Thank you for clarifying this. I see that shortfalls in controlling variables are being compensated by Europe-wide replications and, hopefully, consistent patterns will emerge. I certainly wish to join next year, as I'd love to see this project evolve. I recently got interviewed about it by Radio Berkshire, visiting our community allotment, Southcote Growallot, now and then. Never been on air before! They thought it was really interesting :)

There's a new bed at Southcote Growallot, almost 50 square meters, currently occupied by pumpkins and a few tomato plants. It would be OK for me to use it, in principle, for the next year's experiments, maybe not all of it, but probably most of it. There's also a number of smaller raised beds. (Southcote Growallot is on Google maps, with quite a decent satellite image, but the new large bed isn't on it yet). If the next experiment will involve climbing beans, the polyculture plot will need to be a bit larger than the current one, if other crops will stand a chance growing amongst them.

Coincidentally, the University of Reading is undertaking this type of research, on a much larger scale https://www.reading.ac.uk/apd/research/apd-rescpcru.aspx and also on EU grant! Do you know anybody there, by chance? I wonder if some sort of collaboration could be possible. Of course, we are now at risk that Brexit will kill it all off :(

Excellent idea to analyze these soil test kits in a lab, as we only have the manufacturer's word.

Please do send me suggestions for the future experiments and I'll discuss them with other Southcote Growallot members. I'm sure, if we plan well enough ahead more space can be found :)

Best regards,

Vic

Hi Vic, Wow! Brilliant to hear you've been talking about it on local radio! Do you have any links to the programme/website that we might share?
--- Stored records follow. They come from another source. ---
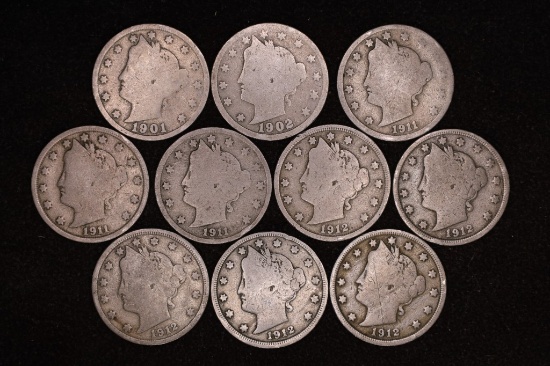 10 LIBERTY "V" NICKELS: 1901-1912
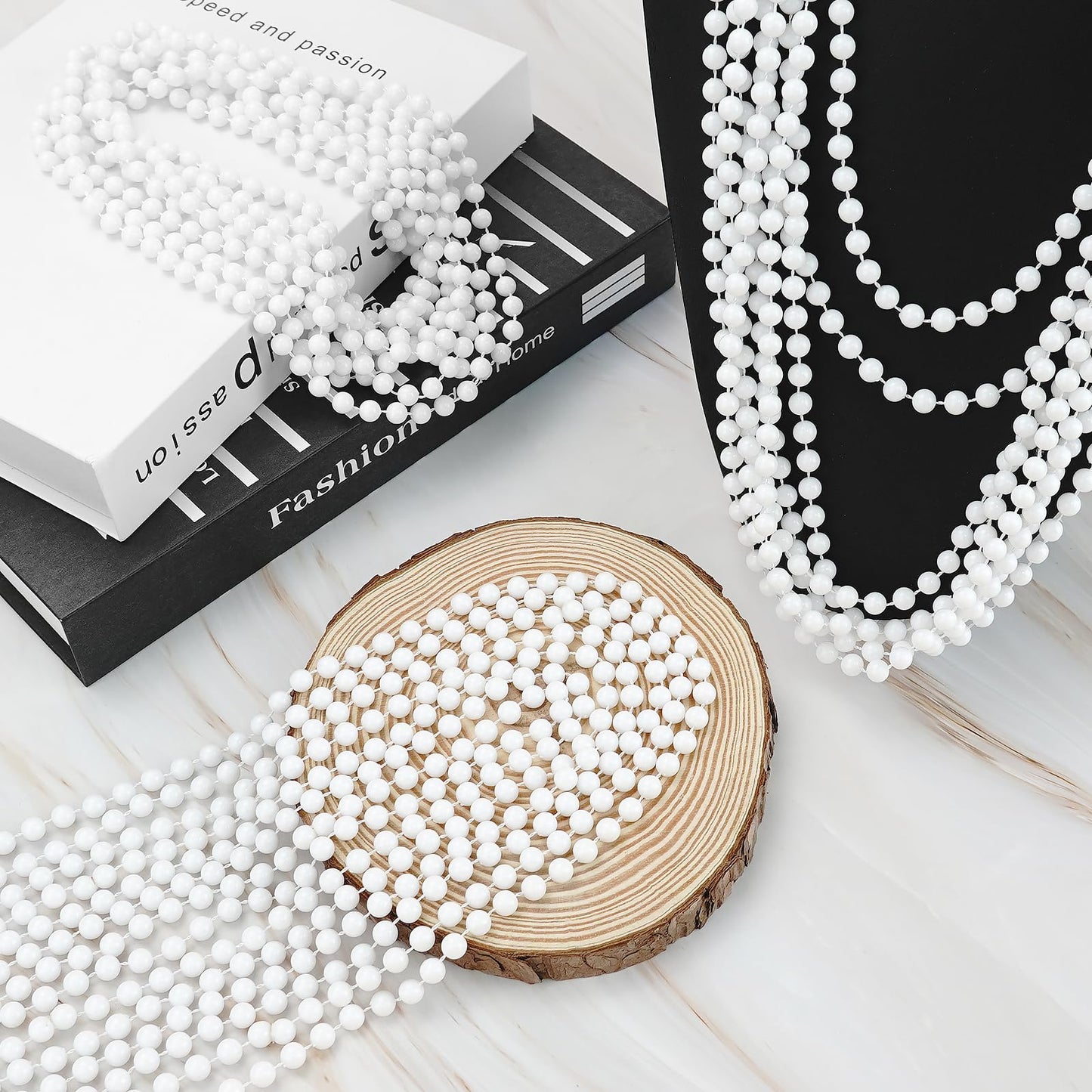 YAXINRUI 144 PCS White Mardi Gras Beads, 33'' White Bead Necklaces Party Costume Necklace Round Parade Throw Beads in Bulk for M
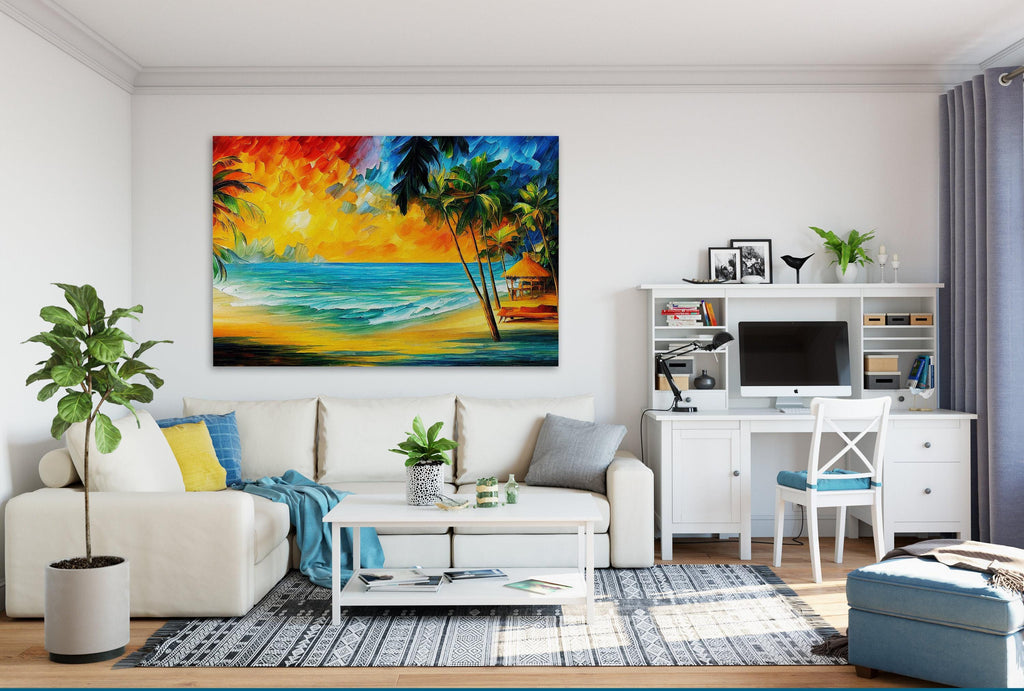 Tropical Beach Canvas Print – Vibrant Nautical Oil Painting | Gallery Ready Wall Art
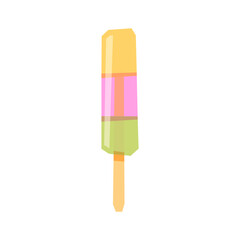 Colorful popsicle, low poly vector on isolated background. Tropical fruit ice cream Illustration made in overprinting technique.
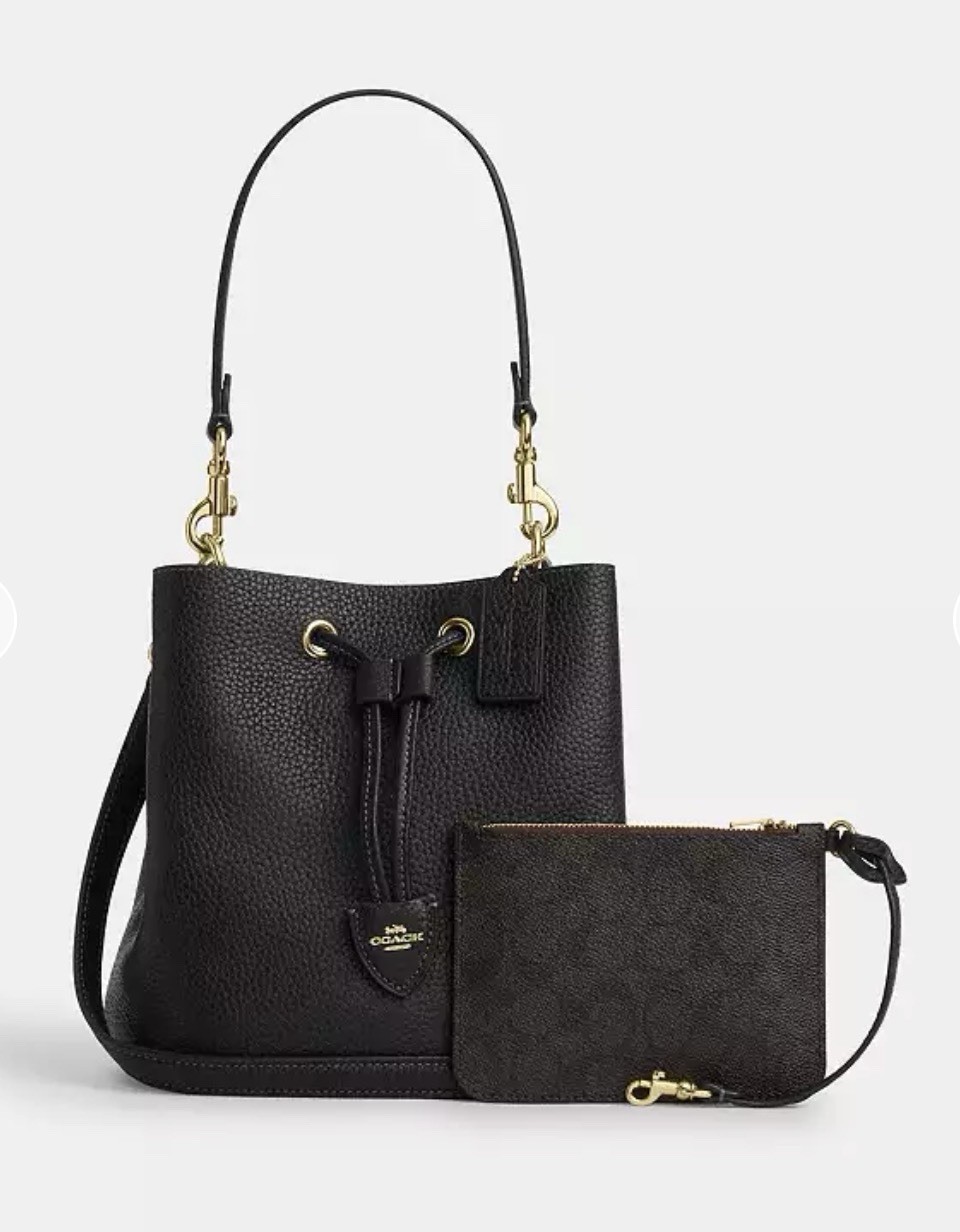 Coach Leather Bucket Bag Black NWT Model CBH06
Sounds like you've got an amazing spot for some detailed and robust experiments and I'll be glad to talk with you about this and what we can do there. What a brilliant opportunity! Could you email me on science@growobservatory.org so we can discuss? Next week all the GROW partners are meeting in Dundee for some evaluation and direction-setting for next year, so I'll be sure to keep this in mind for our discussions and will get back to you in early October.

Yes, I know a few folks in Reading - more on the agroforestry side. There certainly seems to have been a (re)surgence in interest in agroecology at UK Universities in recent years which is very promising. Definitely many exciting opportunities for collaboration going forward.

I know that, whatever may come of Brexit, there are lots of amazing people on both sides of the channel who want to work together to make the world a great place, so I'm confident that we will continue to do so.

Warm regards, Naomi

Hi Naomi,

Here's the link to the iPlayer: https://www.bbc.co.uk/radio/play/p06jbvkg Bill Buckley, Friday 14/09, 3pm (two thirds into the program). I don't think my first appearance on air was great haha :) However, they love visiting our site and, I guess, the talking will be easier once we've got some solid results that'll give us more insights.

I'll email you, as you asked, to discuss the next experiment at Southcote Growallot.